■ **What the exercise asks**
Write out each line below precisely, passing over the pictures.

■ **Supplied material**

++++

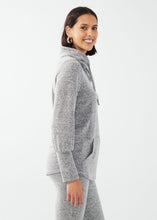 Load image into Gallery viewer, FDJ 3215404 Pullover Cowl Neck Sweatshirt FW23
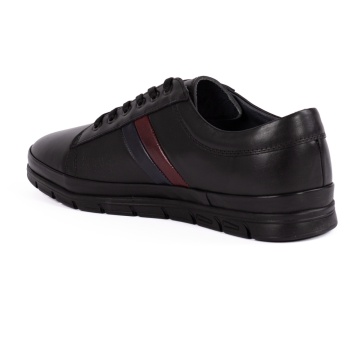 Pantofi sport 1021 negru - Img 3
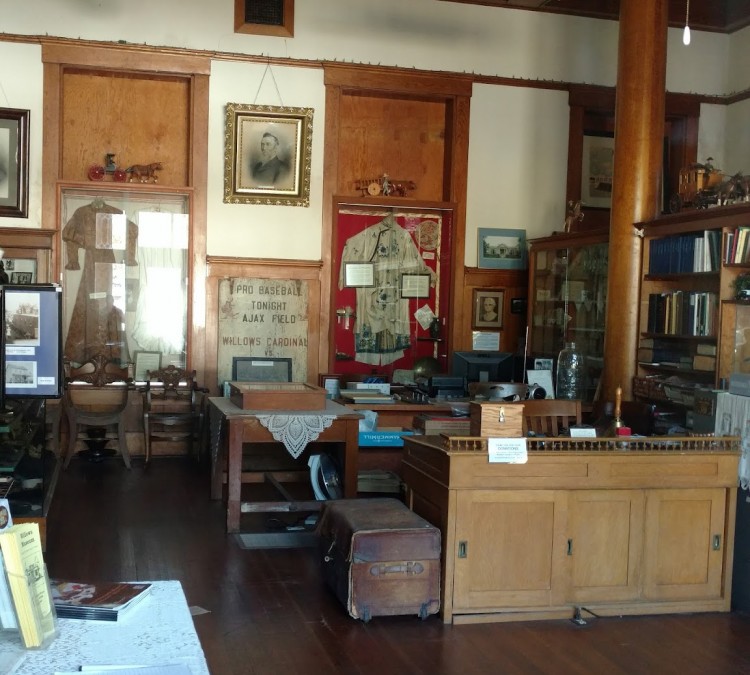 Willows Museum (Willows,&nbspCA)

++++

■ **Answer section**
 Load image into Gallery viewer, FDJ 3215404 Pullover Cowl Neck Sweatshirt FW23
 Pantofi sport 1021 negru - Img 3
 Willows Museum (Willows,&nbspCA)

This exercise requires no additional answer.